Camilla B. Taylor, Counsel at Lambda Legal, said:
Lesbian, gay, bisexual and transgender people in this country are all too familiar with the ways in which laws interfering with individual autonomy in decisions about family life, intimacy and procreation stigmatize people and deprive them of equal dignity. Over the years, courts have stepped in to protect the rights of LGBT people, not only because our nation has grown to understand that everyone has the fundamental right to make such decisions for him or herself, but because the equal protection guarantee of our Constitution prevents government from subordinating a group of people relative to others.

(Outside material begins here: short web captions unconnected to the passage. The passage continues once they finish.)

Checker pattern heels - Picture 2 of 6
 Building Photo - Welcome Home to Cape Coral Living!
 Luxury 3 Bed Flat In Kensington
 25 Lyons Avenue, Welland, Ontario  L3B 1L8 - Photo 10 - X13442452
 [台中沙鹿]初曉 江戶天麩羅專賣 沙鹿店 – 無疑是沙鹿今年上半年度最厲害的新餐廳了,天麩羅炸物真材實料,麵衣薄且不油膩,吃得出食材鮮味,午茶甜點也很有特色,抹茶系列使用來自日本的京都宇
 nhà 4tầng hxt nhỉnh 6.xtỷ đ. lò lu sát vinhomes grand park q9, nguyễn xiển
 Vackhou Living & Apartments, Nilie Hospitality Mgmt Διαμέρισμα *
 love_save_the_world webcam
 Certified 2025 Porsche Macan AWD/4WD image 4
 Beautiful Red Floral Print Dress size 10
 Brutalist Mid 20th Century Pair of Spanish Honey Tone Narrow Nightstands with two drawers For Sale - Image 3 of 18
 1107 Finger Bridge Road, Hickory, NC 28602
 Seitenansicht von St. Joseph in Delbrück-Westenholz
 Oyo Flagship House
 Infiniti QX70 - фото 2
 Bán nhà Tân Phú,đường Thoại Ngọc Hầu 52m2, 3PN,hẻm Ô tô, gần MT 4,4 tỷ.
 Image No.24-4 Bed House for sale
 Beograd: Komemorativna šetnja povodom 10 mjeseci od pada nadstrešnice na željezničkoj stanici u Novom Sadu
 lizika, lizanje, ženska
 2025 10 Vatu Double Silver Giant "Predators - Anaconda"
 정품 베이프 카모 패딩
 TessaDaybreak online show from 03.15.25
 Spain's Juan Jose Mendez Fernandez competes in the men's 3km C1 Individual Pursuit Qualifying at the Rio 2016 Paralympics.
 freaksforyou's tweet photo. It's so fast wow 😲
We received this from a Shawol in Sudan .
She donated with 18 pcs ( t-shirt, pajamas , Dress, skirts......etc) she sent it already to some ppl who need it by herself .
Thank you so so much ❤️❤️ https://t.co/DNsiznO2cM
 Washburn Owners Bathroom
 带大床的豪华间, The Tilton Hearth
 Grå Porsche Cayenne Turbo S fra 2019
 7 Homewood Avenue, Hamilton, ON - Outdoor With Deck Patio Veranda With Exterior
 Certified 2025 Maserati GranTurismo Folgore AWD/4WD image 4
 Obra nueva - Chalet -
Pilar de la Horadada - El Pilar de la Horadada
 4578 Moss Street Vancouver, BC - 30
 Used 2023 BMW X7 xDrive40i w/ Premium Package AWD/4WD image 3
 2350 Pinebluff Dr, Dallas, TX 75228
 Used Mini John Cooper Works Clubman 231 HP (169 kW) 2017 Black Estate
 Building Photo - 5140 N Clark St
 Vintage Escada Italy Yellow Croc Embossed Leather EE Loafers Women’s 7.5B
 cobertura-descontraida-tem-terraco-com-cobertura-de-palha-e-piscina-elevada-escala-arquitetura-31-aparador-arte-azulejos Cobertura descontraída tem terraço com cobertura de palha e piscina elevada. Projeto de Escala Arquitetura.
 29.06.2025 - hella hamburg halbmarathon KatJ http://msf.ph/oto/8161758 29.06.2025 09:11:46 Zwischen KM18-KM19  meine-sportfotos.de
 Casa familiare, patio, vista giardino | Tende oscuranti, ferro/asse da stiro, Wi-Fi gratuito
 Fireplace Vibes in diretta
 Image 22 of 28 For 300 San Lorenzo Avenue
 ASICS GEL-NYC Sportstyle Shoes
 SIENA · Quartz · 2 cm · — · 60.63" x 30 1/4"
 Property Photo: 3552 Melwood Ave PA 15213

Laws unduly restricting access to abortion deprive women of dignity and the ability to participate equally in society relative to men as a result of persistent inequality in societal gender role expectations with respect to parenting, and therefore violate both the Due Process and Equal Protection clauses. Our country’s history and precedents with respect to the rights of LGBT people teach us valuable lessons requiring respect for women’s access to abortion.
The brief argues that landmark decisions vindicating the rights of LGBT people compel the conclusion that the constitutional right to choose to have an abortion finds protection under the Equal Protection Clause as well as the Due Process Clause. Courts must scrutinize closely the legislative justifications for abortion restrictions that unduly burden women, not only because the Due Process Clause requires it, but because the Equal Protection Clause does, too.
The brief also argues that women who exercise their constitutional right to abortion experience stigma and discrimination, not unlike the stigma and discrimination experienced by lesbian, bisexual, gay and transgender people, causing many to feel as though they must conceal that they have had an abortion—keeping them “in the closet” and preventing them from advocating effectively on their own behalf in legislatures.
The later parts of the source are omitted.